Ed, cuts and the union agenda

Perhaps the biggest policy issue for Ed Miliband’s Labour is how they respond to the coalition’s cuts programme and present their alternative economic strategy.

Right here – in Manchester – and right now, that means deciding what stance to take at party conference. There isn’t much time for deliberation.

Labour’s affiliated unions have mostly decided to go for cuts and the economy in choosing their motions for debate this year.

The GMB and train drivers’ union ASLEF are pushing for a motion on tax avoidance, keen to argue that billions can be raised by collecting more tax. Unison is demanding an alternative to attacks on public services and a review of the effects of privatisation, with a view to reversing the New Labour privatisation trend, while Unite and Community want to get conference to agree to an alternative economic and industrial strategy. Community, in particular, will seek to get in a mention of Sheffield Forgemasters, the plant denied an £80 million loan by the coalition government. This should go in, given that the Labour frontbench have been trying to make merry hell for Sheffield MP Nick Clegg.

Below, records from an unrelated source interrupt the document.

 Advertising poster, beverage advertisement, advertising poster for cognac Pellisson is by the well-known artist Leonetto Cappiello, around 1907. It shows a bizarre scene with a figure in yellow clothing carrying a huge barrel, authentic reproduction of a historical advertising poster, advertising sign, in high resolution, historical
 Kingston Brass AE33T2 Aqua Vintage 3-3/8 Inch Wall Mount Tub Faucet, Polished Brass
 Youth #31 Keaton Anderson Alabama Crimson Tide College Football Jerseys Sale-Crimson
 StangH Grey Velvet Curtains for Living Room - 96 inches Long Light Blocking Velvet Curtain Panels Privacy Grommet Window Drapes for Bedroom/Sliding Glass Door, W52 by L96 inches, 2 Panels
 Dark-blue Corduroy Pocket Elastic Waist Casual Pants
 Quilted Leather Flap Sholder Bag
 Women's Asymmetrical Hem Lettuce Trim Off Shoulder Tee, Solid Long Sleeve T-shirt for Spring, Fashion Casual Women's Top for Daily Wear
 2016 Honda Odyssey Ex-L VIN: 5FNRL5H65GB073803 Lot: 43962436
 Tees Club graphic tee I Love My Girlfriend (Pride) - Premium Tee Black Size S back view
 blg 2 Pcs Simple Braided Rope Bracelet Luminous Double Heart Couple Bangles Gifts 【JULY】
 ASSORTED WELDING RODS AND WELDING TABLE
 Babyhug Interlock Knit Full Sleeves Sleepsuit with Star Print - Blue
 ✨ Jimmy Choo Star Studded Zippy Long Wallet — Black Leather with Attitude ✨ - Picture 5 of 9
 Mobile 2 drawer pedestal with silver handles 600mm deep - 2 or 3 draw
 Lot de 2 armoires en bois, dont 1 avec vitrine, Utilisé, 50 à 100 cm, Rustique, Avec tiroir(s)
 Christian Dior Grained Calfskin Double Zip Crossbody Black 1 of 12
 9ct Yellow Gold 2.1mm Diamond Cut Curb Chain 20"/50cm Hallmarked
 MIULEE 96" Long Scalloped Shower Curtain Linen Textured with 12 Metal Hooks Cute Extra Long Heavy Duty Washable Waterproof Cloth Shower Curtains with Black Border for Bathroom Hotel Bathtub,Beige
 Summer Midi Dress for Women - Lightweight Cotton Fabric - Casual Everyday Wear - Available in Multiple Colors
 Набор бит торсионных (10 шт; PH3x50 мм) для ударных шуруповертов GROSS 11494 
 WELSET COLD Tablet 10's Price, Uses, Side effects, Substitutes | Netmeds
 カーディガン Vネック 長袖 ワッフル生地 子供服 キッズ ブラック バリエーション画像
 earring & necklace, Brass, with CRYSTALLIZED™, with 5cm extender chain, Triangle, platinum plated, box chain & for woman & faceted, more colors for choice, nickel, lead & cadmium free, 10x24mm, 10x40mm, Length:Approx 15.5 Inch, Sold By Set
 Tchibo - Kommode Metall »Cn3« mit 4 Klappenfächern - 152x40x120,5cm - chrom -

Everyone at this conference agrees that the coalition’s cuts are wrong. The question is: how wrong? And what would you do instead? Will Ed Miliband agree with wannabe Shadow Chancellor Ed Balls that this is the time or investment, not cuts (contrary to Labour’s pre-election plan to start cutting the deficit this year)? And will he welcome motions calling on him to agree to that?

On the one hand, he risks being seen as a hard-left deficit denier by the media and public. On the other, he risks failing to put blue water between Labour and the coalition, and sounding too much like his brother.

Union and constituency reps are sitting down today to agree composite motions on the economy, taxation and other issues. Ed M and his team will be watching, at very least.